Figure 5: Tuberous sclerosis complex. A 24-year-old female presented to our hospital with seizures. The patient had been diagnosed with TSC at five years old. Echocardiography demonstrated normal global left ventricular wall motion, ejection fraction, and an intracardiac left ventricular mass (Figures 5A and 5B). A multiplanar contrast-enhanced CMR demonstrated normal cardiac anatomy. Three definitive areas of myocardial fatty foci were identified within the subendocardial region of the mid anterolateral (d=3x16mm), lateral wall of the right atrium (d=3x9mm), and trabeculated basal anterior of left ventricular (d=6x10x16mm) (Figures 5C and 5D).
Discussion
Hypertrophic cardiomyopathy is the most frequent type of nonischemic cardiomyopathies.The most serious complications of HCM are sudden cardiac death induced by ventricular arrhythmia and heart failure. CMR imaging is a valuable imaging method for detecting HCM because of its accurate measurement of wall thickness and myocardial mass without limited window and late gadolinium enhancement (LGE) to quantify myocardial fibrosis ( fibrosis more than 15% of myocardium related to the worse prognosis of HCM ).

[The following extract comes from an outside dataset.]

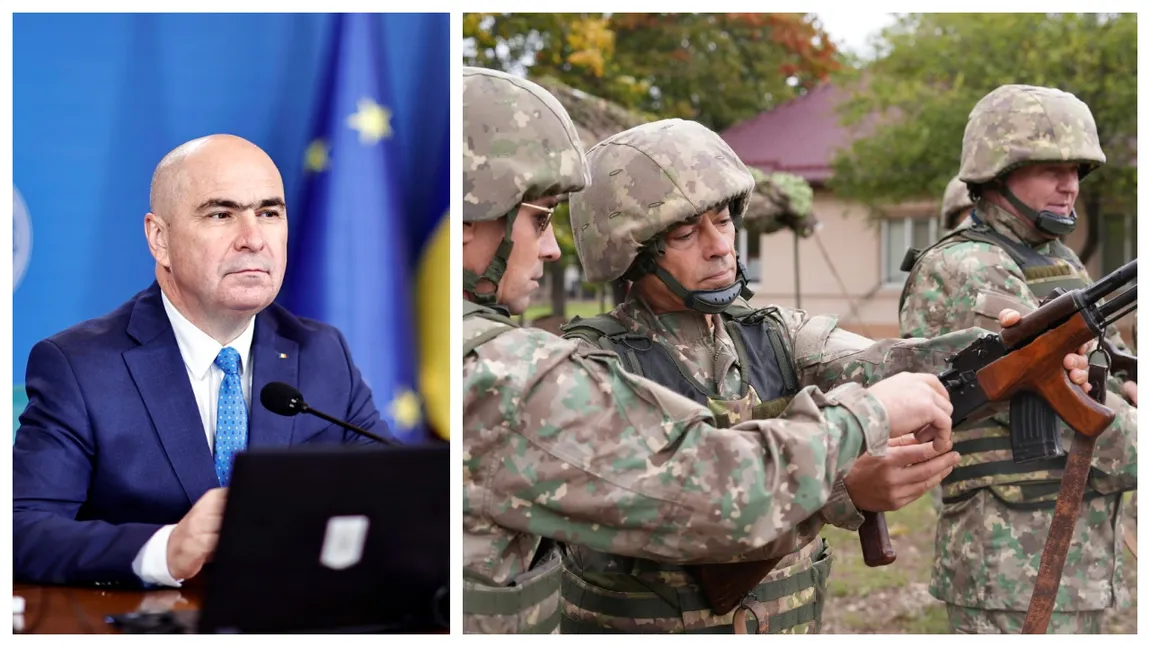 Ce se va întâmpla, de anul viitor, cu centrele militare județene. ANUNȚUL lui Bolojan
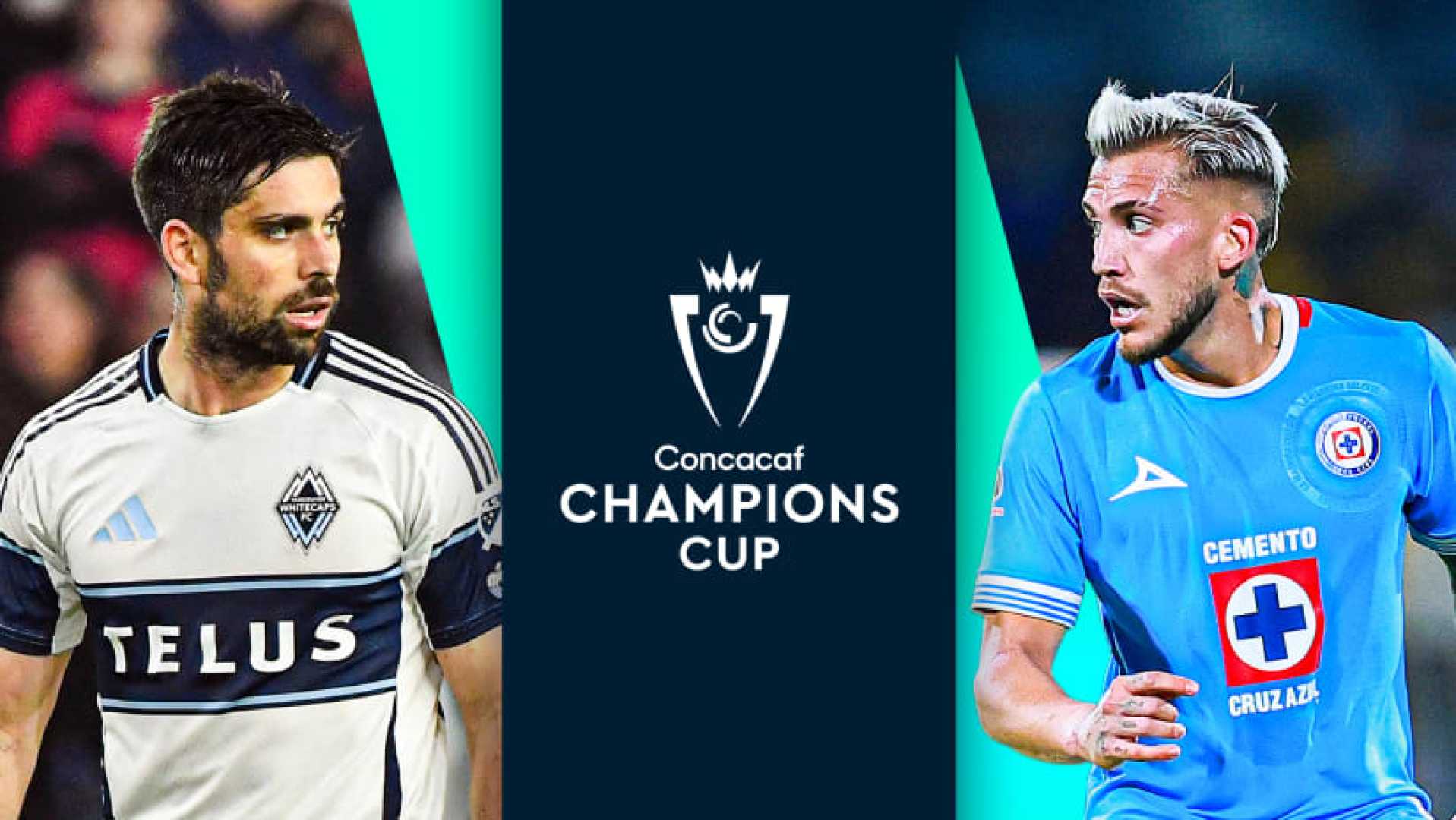 Vancouver Whitecaps Cruz Azul Final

Dilated cardiomyopathy: Late gadolinium enhancement (LGE), commonly found at cardiac magnetic resonance imaging in idiopathic dilated cardiomyopathy (DCM), in most cases shows a nonischemic pattern of LGE, midmyocardial or epicardial. In order to our experience, dilated cardiomyopathies usually the cause of heart failure at young patients without the evident etiology of cardiac failure. LGE related midmyocardial was seen usually.
Myocarditis has often arrived post-virus infection, especially in young patients that sommetimes only presented by chest pain. Serum hs Troponin maybe verry high but normal coronary angiography.CMR showed subepidocardial late gadolinium enhancement.

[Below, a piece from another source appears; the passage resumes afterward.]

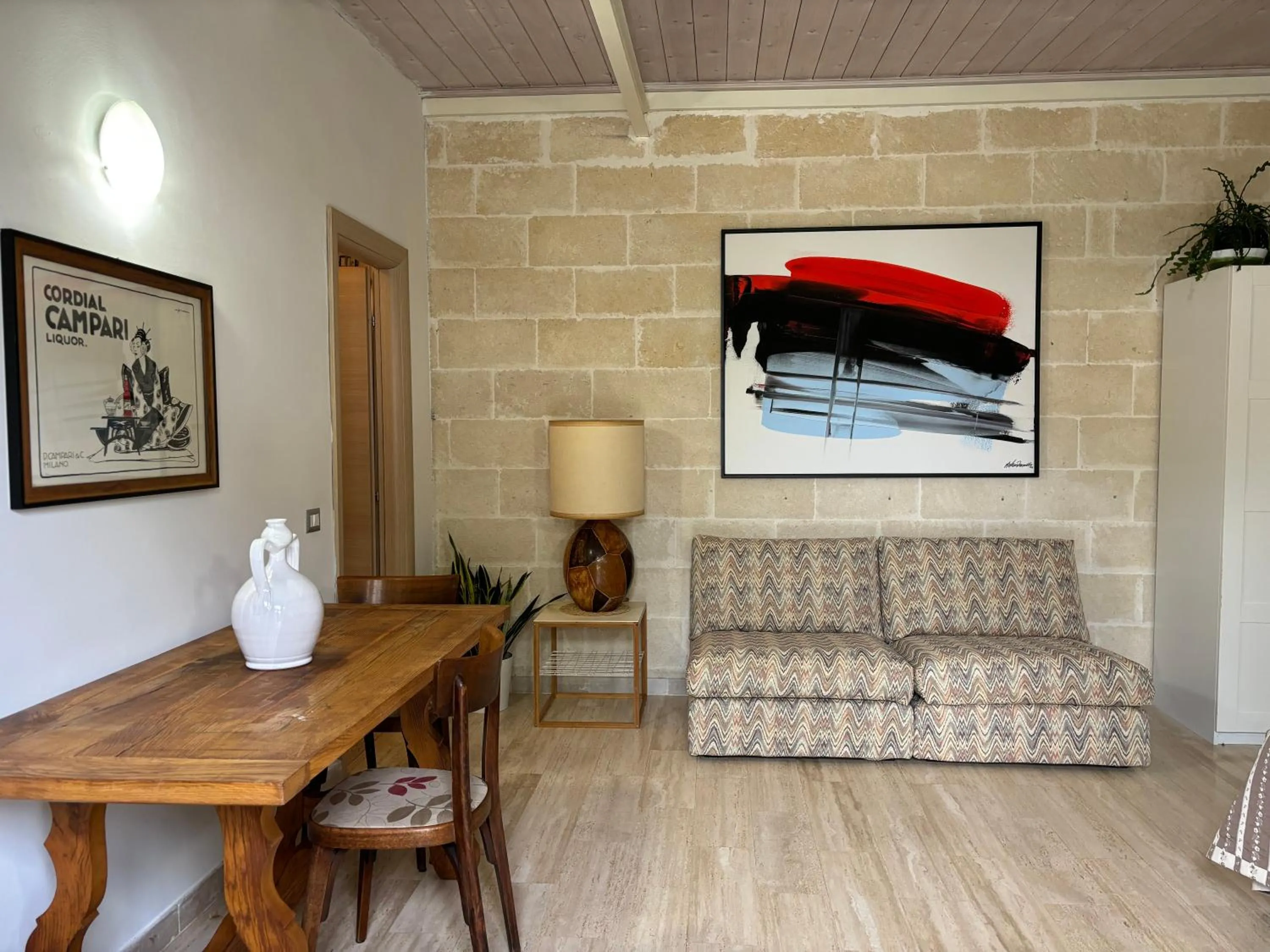 Bedroom in Mazzara Farm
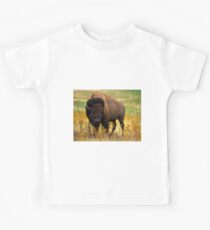 BISON 2 Kinder T-Shirt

Noncompaction cardiomyopathy is not routine cardiomyopathy, Patient often presented by severe and refractory heart failure. Cardiac ultrasound, CTA and CMR may confirm the diagnosis of the disease by the following criteria (1) the presence of 2 distinct layers of myocardium, including a compacted epicardial layer and a noncompacted endocardial layer, (2) the presence of trabeculations and deep intratrabecular recesses within the noncompacted endocardial layer, and (3) a noncompacted to compacted ratio of ≥ 2.3:1 in end diastole.
Cardiac amyloidosis: CMR is cornestone of the diagnosis because biopsies are not routine and easy procedures. MRI showed LVH, IAS hypertrophy, pericardial effusion and especially the pattern of myocardial nulling is an accurate tool to detect cardiac amyloidosis: myocardium had null-point early than cardiac cavities.
Conclusion
Cardiac magnetic resonance imaging has been a helpful non-invasive imaging modality for assessing nonischemic cardiomyopathies with high accuracy. CMR may distinguish the tissue characteristic of myocardium. CMR should be a standard step in the diagnosis process for various cardiomyopathies.